Bookmark Brownies

Bookmark Brownies 15

This recipe comes from a laminated bookmark I received as part of a promotional package from Chatelaine magazine.  While I was not so struck by this unsolicited mail that I wished to subscribe to the magazine, I kept the bookmark because the brownie recipe on it was gluten free with an interesting twist.  Actually this is a lie.  As soon as I’d typed in the ingredient list into this entry, I threw it out.  And was annoyed that it was unrecyclable.

Bookmark Brownies 17

Below is the original recipe for one pan of brownies.  I tripled this because I was baking for work, so ignore my photos involving massive amounts of baking materials.
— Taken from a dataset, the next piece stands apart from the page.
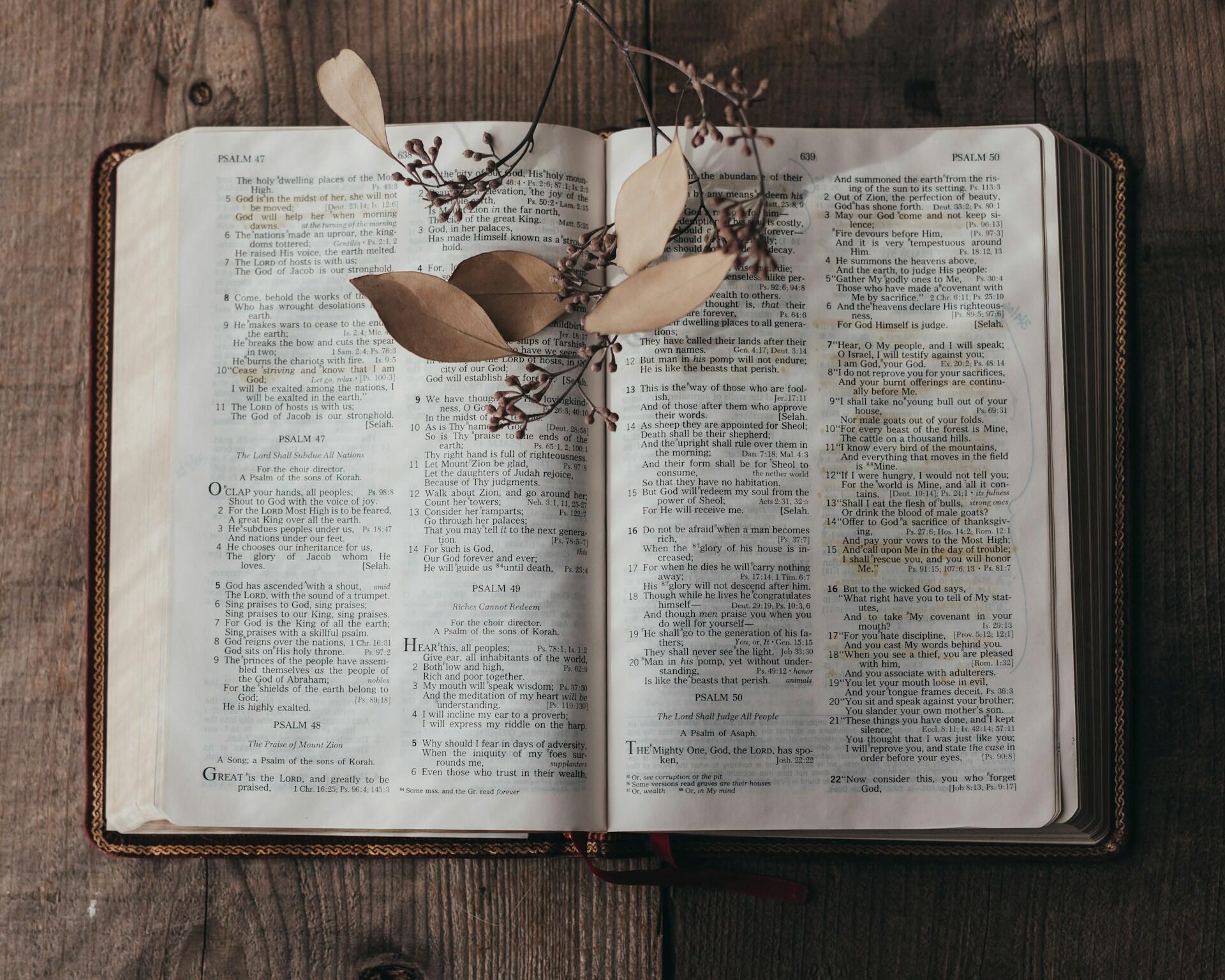 Open Bible showing Psalms with dried leaves and brown plant stem placed on top, resting on a wooden surface.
First, separate 4 eggs, and bring the whites to room temperature.

Bookmark Brownies 1

Preheat your oven to 350°F and line an 8″ square pan with parchment paper, letting the paper hang over the sides of the pan (you’re going to use these as handles later, see?).

Bookmark Brownies 2

In a large bowl, whisk together 2 1/2 cups icing sugar with 2 cups ground almonds (I used almond meal), 2/3 cup unsweetened cocoa powder, and a pinch of salt.

Bookmark Brownies 3

Add to that your egg whites and 2 teaspoons vanilla and mix well.

Bookmark Brownies 5

Pour that thick loveliness into the prepared pan.  And by thick I mean that this stuff will suck you into oblivion if you’re not careful.

Bookmark Brownies 7

Bookmark Brownies 9

Bake for 40-45 minutes, until the top is shiny and crusty and a cake tester inserted into the centre comes out mostly clean.

Bookmark Brownies 10

Use the parchment handles to carefully lift the brownie out of the pan (you don’t want it to suddenly sag and break in half, for instance) and set the brownies on a rack to cool completely.

Bookmark Brownies 12

What this recipe doesn’t tell you (because I guess the bookmark was too small) is that these things are next to impossible to cut cleanly.  I thought mine weren’t cooked enough and ended up putting them back in the oven for another fifteen minutes and they were still ridiculous, sticking to the knife and crumbling everywhere.  Warm, cold, didn’t matter.  Crumbles all over the place.

Bookmark Brownies 14

But they tasted like brownies.  So that’s that.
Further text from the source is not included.